It is the most inoffensive mode of attack in contemporary football.
Yesterday, Arsenal were tearing into a uniquely weak Man United, occasionally finding space to shoot directly at De Gea – and thus affording lazy journalists their ‘narrative’ of the game as one of resolute defending and ruthless counterattack. Additions from this match to my DVD – working title ‘Arsene’s Greatest Arsenalisations’ – Wilshere who was playing like a coked-up teenager eventually ploughed into Fellaini and seemingly got his ankle broken. Szczęsny smashed up his own ribs by clattering into Gibbs, with the floored and dazed defender then diverting a cross into his own net.
The ineluctable modality of the visible: the third chapter of Ulysses begins with the condensed cogitations of Stephen Dedalus’s mind.
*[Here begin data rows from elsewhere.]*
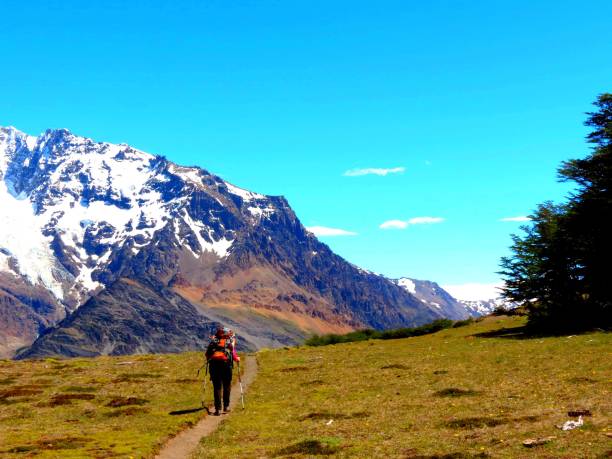istock Girl doing trail in flowery fields among snowy mountains 1218929932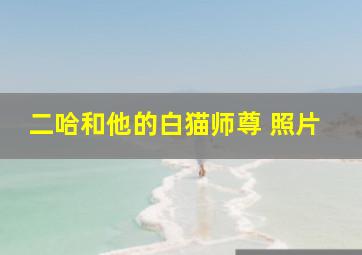 二哈和他的白猫师尊 照片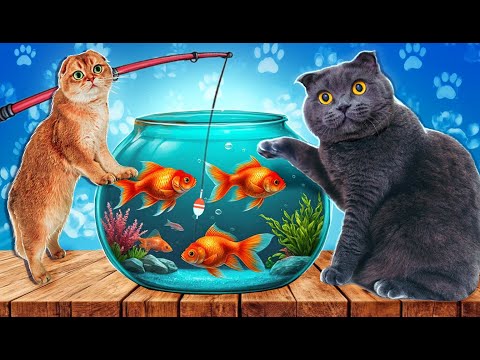 КОТЫ в ШОКЕ - ВПЕРВЫЕ УВИДЕЛИ РЫБОК | Котенок Персик УПАЛ в АКВАРИУМ с Рыбками… Новые Питомцы!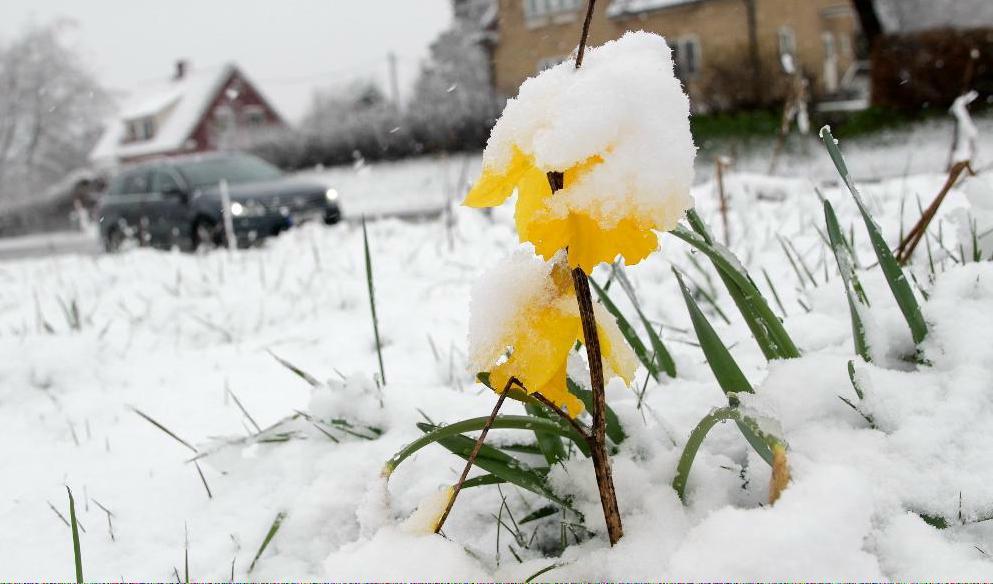 Ha tålamod. Den blomstertid kommer - så småningom. Foto: Johan Nilsson/TT. Arkivbild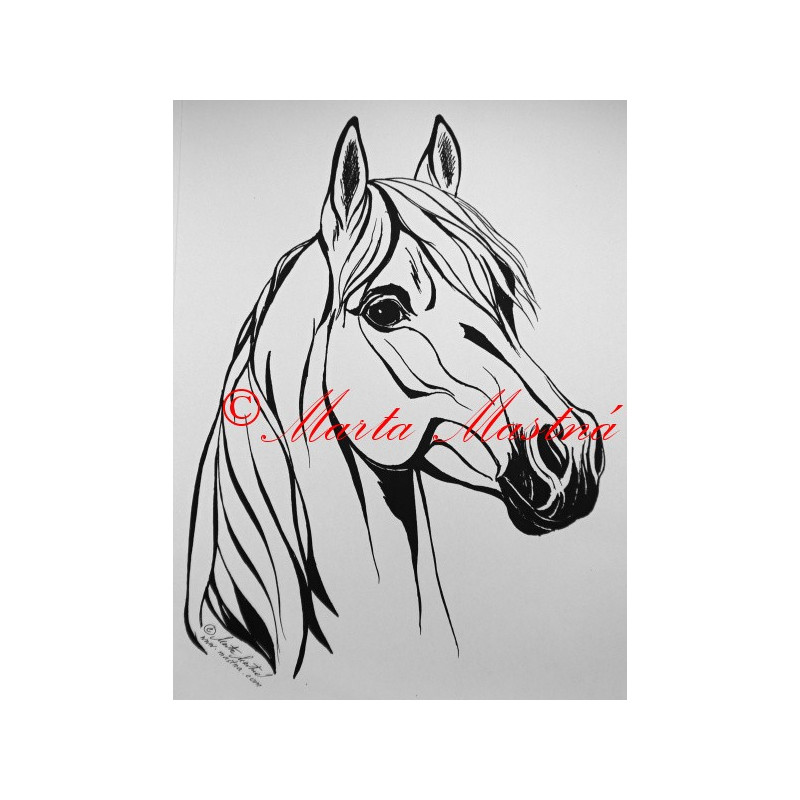 Samolepka kůň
The material world is inevitably mediated by the eye’s diaphane, so we don’t grasp the substance of the object of our gaze but only its form as conjured by our imagination. Arsene Wenger is football’s philosopher of subjective idealism: the world is only real insofar as he has perceived it; it is the lodestone, the key, to both his rise and of his fall.
So hapless events befalling his side, so recurrent as to feel inevitable are, in Wenger’s reality, merely incidental – insofar as they occur at all:
- Rooney will always score against Arsenal.
- Arsenal will not be able to score from a corner.
- Ramsey will shoot over the bar.
- Wilshere will hunker down and run at a crowd of defenders with those flailing arms, fall over and throw nonplussed plea at referee who waves on play.
- Several key players in our small squad will get injured for long stretches of the season. Fringe players on massive salaries inexplicably never get played.
- Players that we have sold will score against us, but it doesn’t work the other way round.
- Goalkeepers will play blinders.
- Stunning free kicks from the most improbable sources will fill our goal.
- Wenger will draw from a compact lexicon during post match interviews: luck, lack of quality, hard to take, mental strength.
- We finish fourth so that we can qualify for the champions league and get eliminated in the last 16.
Post-Highbury Arsenal seems less concerned with winning than wanting to preserve their pride, a search for vindication for methods and techniques which won’t deliver. Like Giroud’s preening celebration of his (very good) injury time goal when they still needed another to get a point. These days they end up with neither.
I am generally obsessed with football, but I lost interest for twice my life, first in the mid-80s and then again in the mid 90s, partly because I had other things on my mind – abortive stint in public school and religion and undergraduate misery – but mainly because Arsenal’s fortunes, in the dogdays of Neill-Howe and George Graham respectively, had become predictable, predictably abject. I realised that my emotional energy could more be efficiently channelled elsewhere. In the mid Twenty-teens, a football sabbatical may once more be in order. My wife would not object.